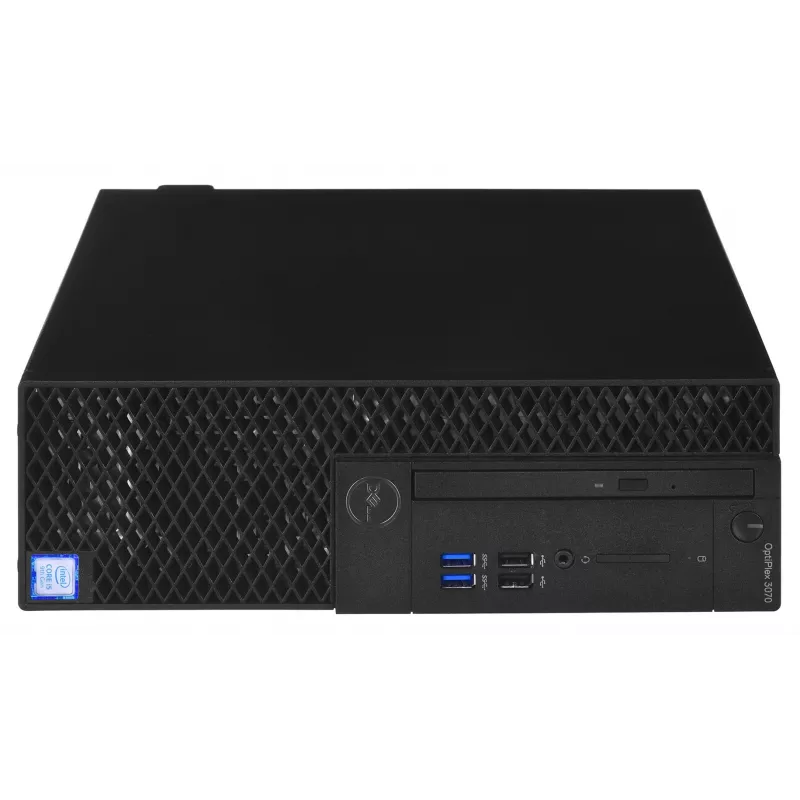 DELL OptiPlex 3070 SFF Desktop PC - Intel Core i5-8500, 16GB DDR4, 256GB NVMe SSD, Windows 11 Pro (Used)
---
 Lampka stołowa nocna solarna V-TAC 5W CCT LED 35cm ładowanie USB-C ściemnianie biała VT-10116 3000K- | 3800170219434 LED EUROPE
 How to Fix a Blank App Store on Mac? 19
...
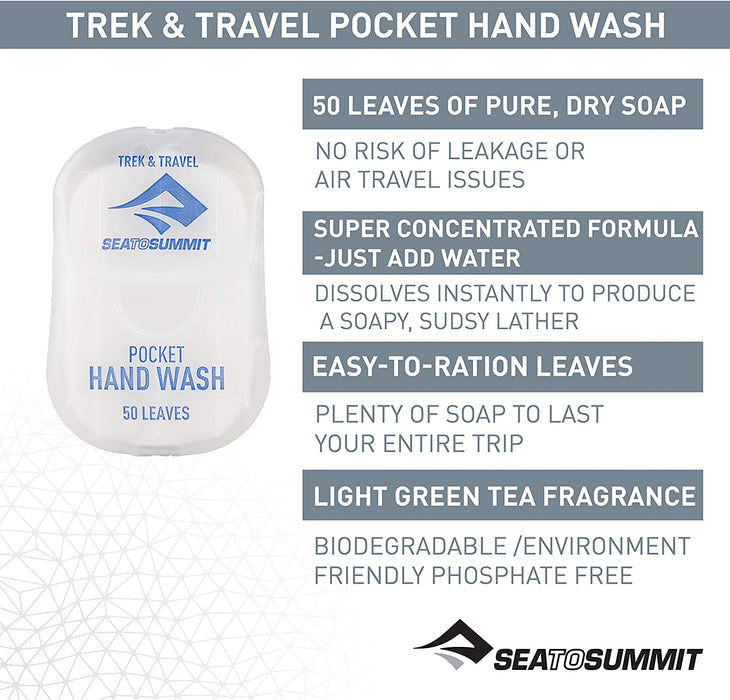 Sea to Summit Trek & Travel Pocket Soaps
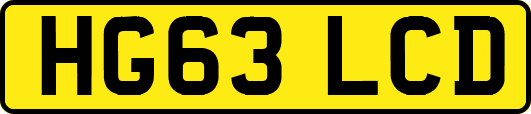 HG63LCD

Work instruction:
Beginning with the line holding "Lampka stołowa nocna" and ending with the line holding "How to Fix a Blank App Store on Mac? 19", write out the stretch of material above exactly; add no further lines.

Result of the task:
 Lampka stołowa nocna solarna V-TAC 5W CCT LED 35cm ładowanie USB-C ściemnianie biała VT-10116 3000K- | 3800170219434 LED EUROPE
 How to Fix a Blank App Store on Mac? 19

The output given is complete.